The point here is that over the last several years, the NCAA has made an effort to explain their selection process to the media to overcome the annual claims of bias and back-room deals. Of course no theoretical exercise is going to mean that everyone will agree with their final selections. But once you understand the process, you can generally figure out why the Committee picked a, b, and c and didn’t pick x, y, and z. An occasional head-scratcher doesn’t prove that there was some sordid conspiracy.
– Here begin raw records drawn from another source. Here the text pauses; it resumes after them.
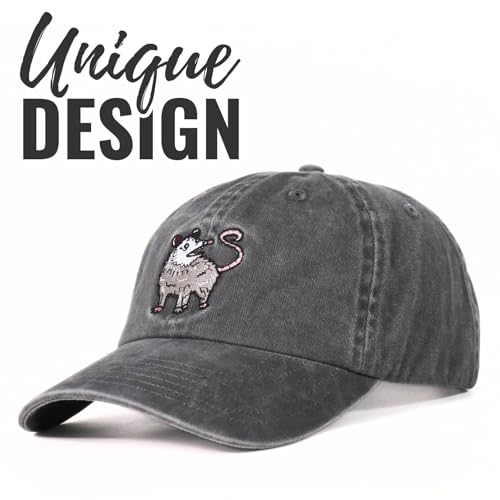 Casquette possum brodée le cadeau d'anniversaire idéal en coton gris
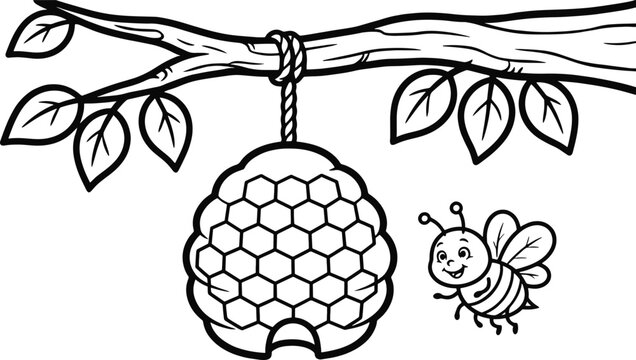 Beehive and cartoon bee illustration black and white line art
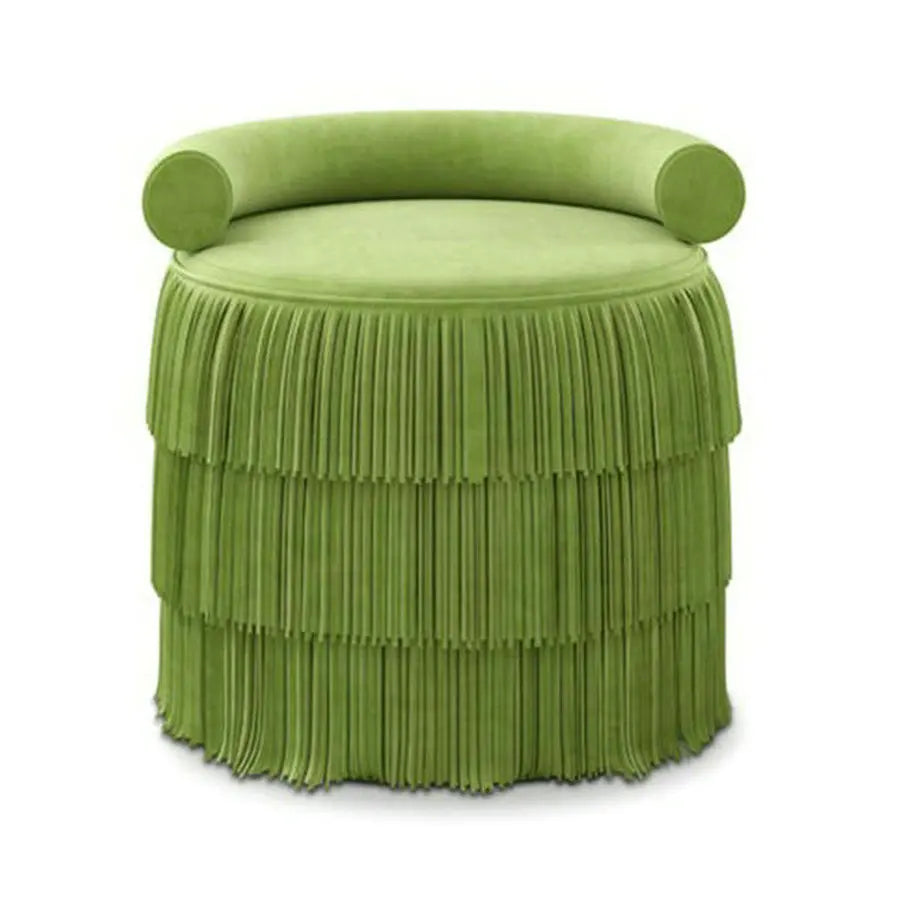 Round Suede Fringe Ottoman Hotel Wooden Tassel Stool Velvet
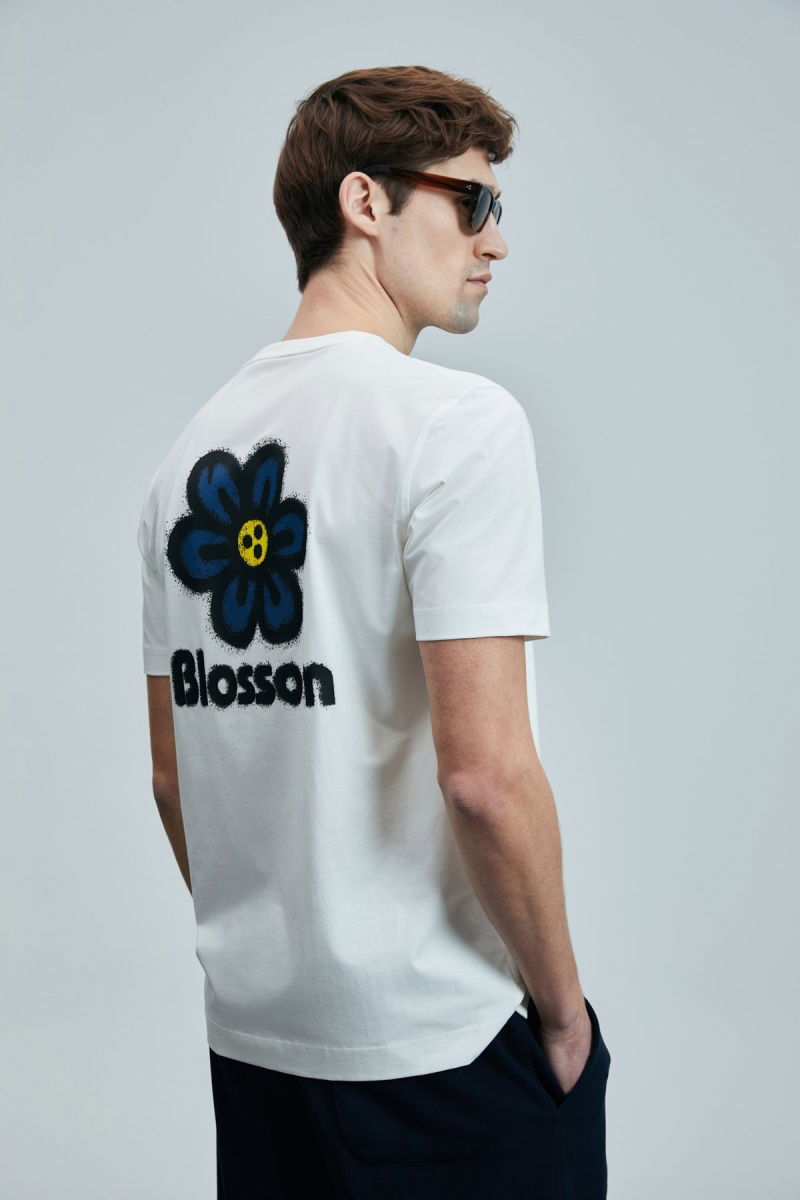 Lufian Erkek Peace Modern Grafik T-Shirt 111020246 Kırık Beyaz 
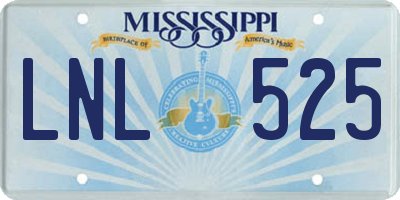 MS license plate LNL525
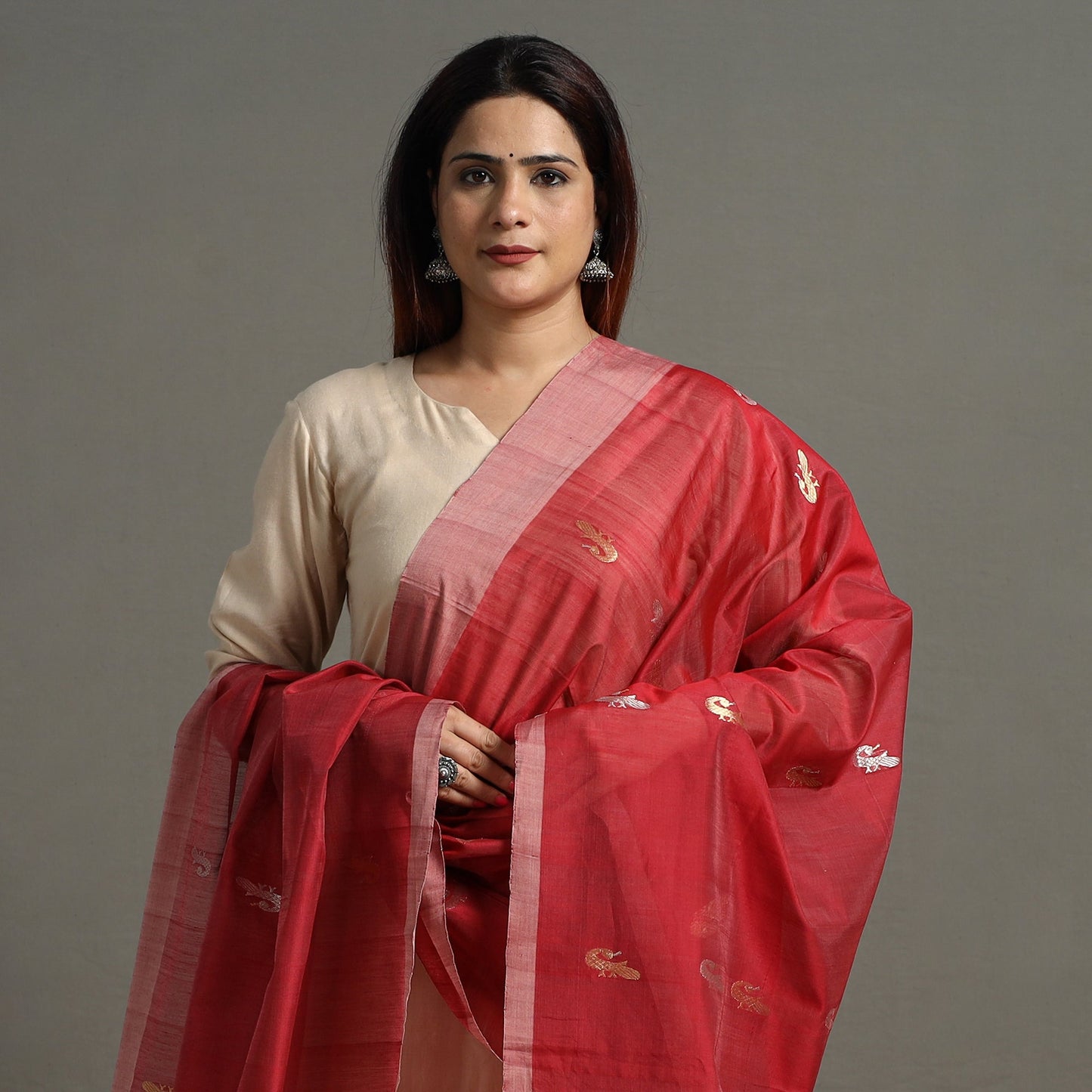 Traditional Chanderi Silk Handloom Zari Buti Dupatta with Tassels 12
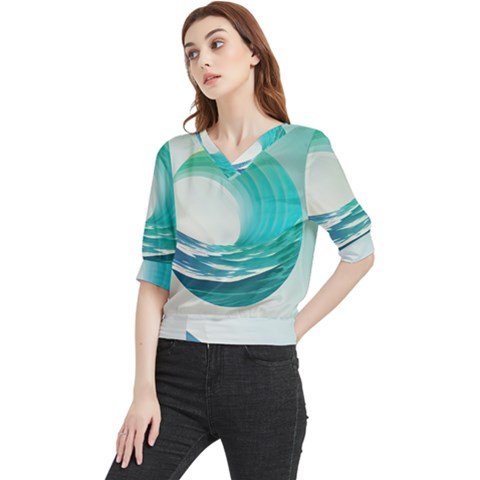 Tsunami Tidal Wave Wave Minimalist Ocean Sea Quarter Sleeve Blouse by Ravend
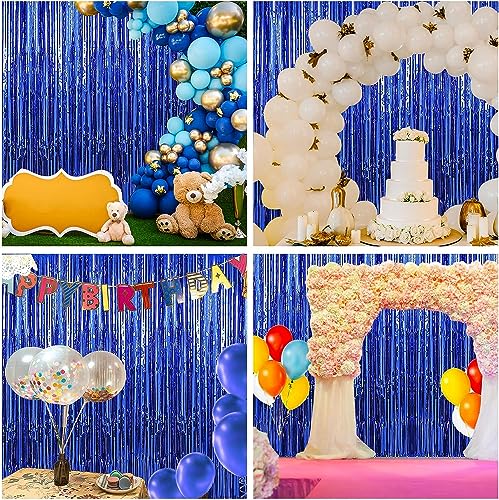 Birthday Party Decorations| 3 Pack 3.3 x 9.9 ft Blue Foil Fringe Curtains Party Supplies|Tinsel Curtain Backdrop for Parties, Glitter Streamers Backdrop for Birthday/Photo Booth Backdrops/Party Decor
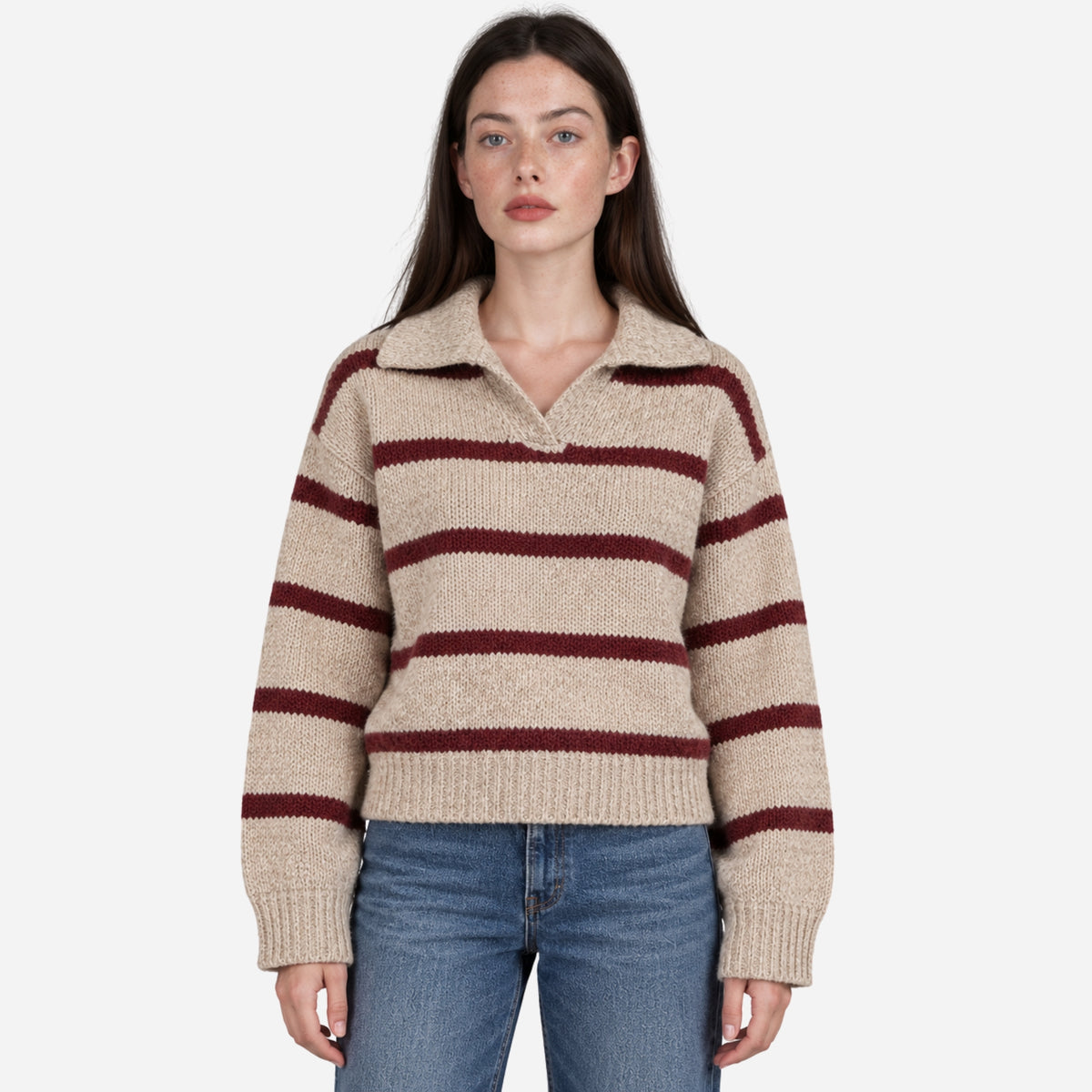 Women’s Striped Open-Collar Knit Polo Jumper-Fowsa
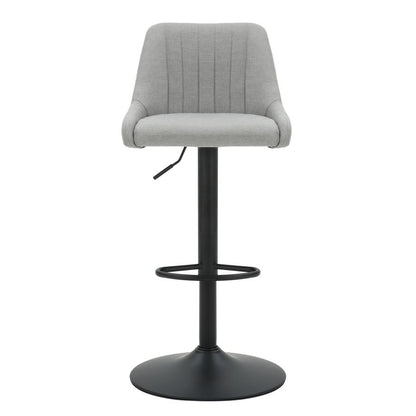 Kron Adjustable Height Air-Lift Swivel Stool, set of 2, in Grey Fabric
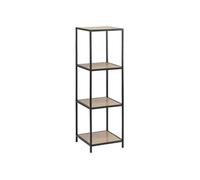 Bibliothèque droite 3 niveaux en MDF et Métal - Beige et Noir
While I’m talking to the tin-hat folks, I want to address the annual claims of bias by the NCAA (or CBS or ESPN) that would always favor the Blues because of “finances”. This claim (made every year including this one) is absurd for several different reasons. First, the money that the NCAA will receive is set by contract for many years at a time. The NCAAT is a national event and most of the spectators (and thus eyeballs in front of TV sets) couldn’t care less about either Duke or UNC. Bottom line: there is no financial penalty or advantage for the NCAA to favor any given school in the selection or seeding process.
Finally, the NCAA Selection Committee is made up of athletic directors and conference commissioners from around the country…not some nameless, faceless group of bozos from the NCAA basement in Indianapolis. What possible motive would they have to bias their decisions based solely on a school’s reputation as opposed to the team’s actual performance THIS year?
Scanning back to the start of this section just earned a “WOW”. That certainly turned into a longer rabbit trail than I had planned. Let’s move on to the most important part of Palm’s article for the majority of State fans:
I would say that our committee was unanimous in that it was very difficult to find 36 worthy at-large teams.
This statement is important because it means that any bubble team that takes some big, positive steps forward can move ahead of the rest of the rabble. There is no doubt that State still has some possibilities left…but ability is a completely different issue.
In the real pic, Mr Wolf is holding up one finger (not the middle one) and thus tied in nicely with my title. However, he is being cropped by WordPress and I can’t figure out why. Down-sizing him three times didn’t change anything and I’m giving up.